The last time the VIX dipped below 20 was last April, at the end of the last bull run before stocks slid to multiyear lows in October. On Thursday, the Dow Jones industrials fell nearly 170 points from an intraday gain of 87 points due, in part, to traders' reaction to the VIX.
"The VIX falling below 20 doesn't happen very often, and that's usually a sign of a market that's topping," said Brian Pears, head equity trader at Victory Capital Management. "A lot of people, particularly short-term traders, take this as a signal that things could become rougher."
Analysts stress that the VIX is just one of many gauges of a market's future direction. Still, there were other signs this past week that Wall Street's stunning rally since mid-March could stall, if not backtrack, despite better-than-expected second quarter earnings.
On Monday, for instance, investors shrugged off a strong outlook from 3M, sending stocks lower as they focused on downbeat profits reports from Merck and Lexmark International. Tuesday also was headed for a loss before news that two of Saddam Hussein's sons were killed lifted the market.
And on Thursday, stocks slid on the VIX reading despite a surprising drop in new jobless claims.
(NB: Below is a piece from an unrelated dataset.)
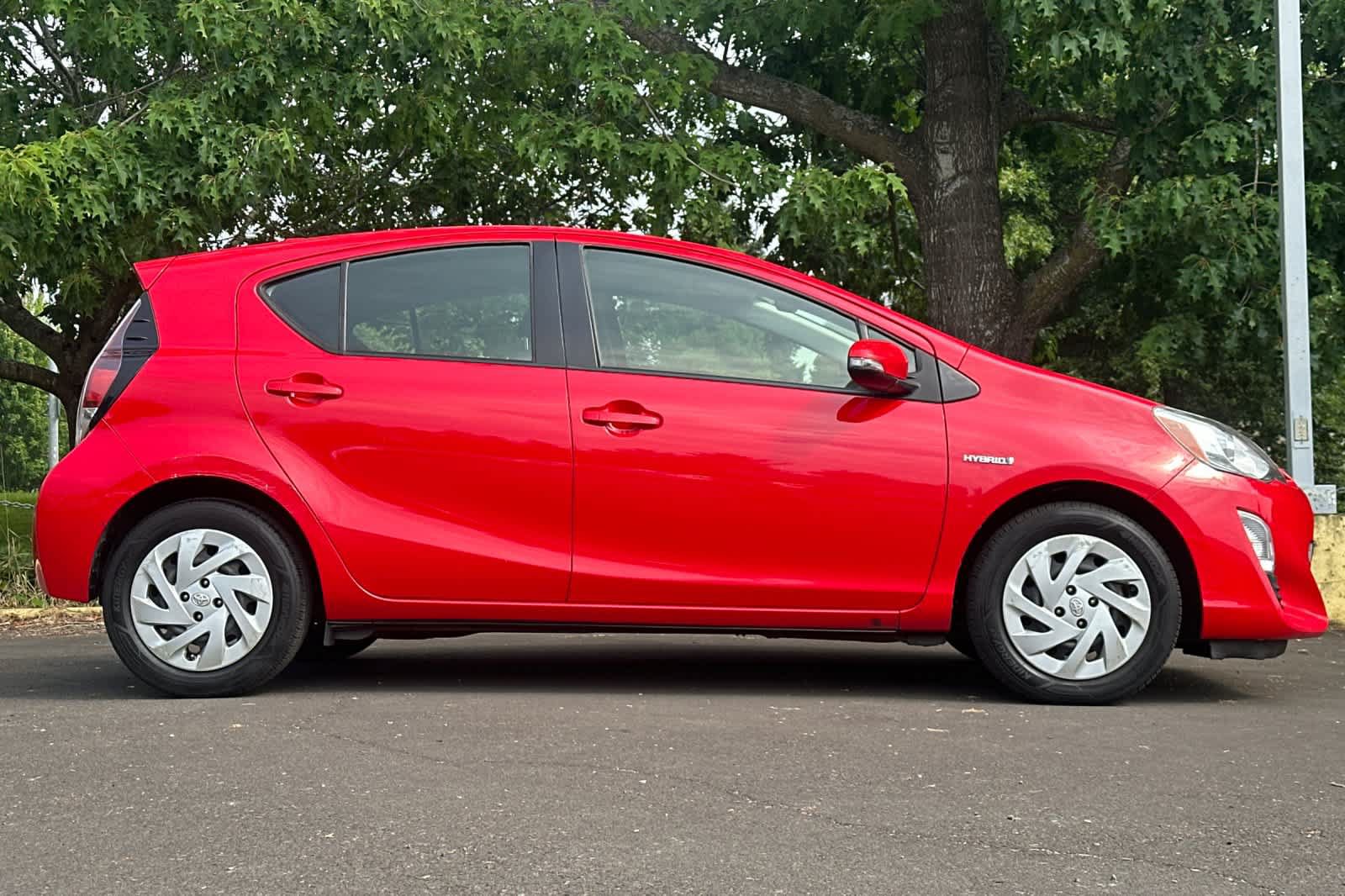 Used 2016 Toyota Prius C Two FWD image 8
"This is a market that's into the fifth month of the bull. It's tired," said Larry Wachtel, market analyst at Prudential Securities.
He noted that the Dow has climbed more than 20 percent and the NASDAQ has gained more than 30 percent since stocks hit a low on March 11.
"You can't make a move of this nature and then continue upward," he said.
In addition, surging bond yields might be luring short-term traders out of the stock market, while murky corporate outlooks that cast doubt on the strength of the recovery could be prompting others to cash in stock gains.
Analysts say that could forebode more pullbacks, particularly during the quieter summer months when there are few catalysts outside of the earnings season to push the market higher.
"Our stance is that even good earnings for the second quarter are not enough," said John Caldwell, chief equity strategist for McDonald Financial Group, part of Cleveland-based KeyCorp.
"What would get us more excited would be more upward revisions to [outlooks]," he added. "You almost need better-than-expected third and fourth quarter estimates to push the market higher."
For the week, the Dow Jones industrials rose 96.42, or 1.1 percent. They closed Friday at 9,284.57.
The NASDAQ composite index had a gain of 22.20, or 1.3 percent, closing at 1,730.70 on Friday. The Standard & Poor's 500 index advanced 5.36, or 0.5 percent, finishing at 998.68.
For the week, the Russell 2000 index, the barometer of smaller company stocks, rose 4.12, or 0.9 percent, closing at 468.88.
The Wilshire 5000 Total Market Index, which tracks more than 5,700 US-based companies, ended the week at 9,599.36, up 52.70 from the previous week. A year ago, the index was at 8,091.63.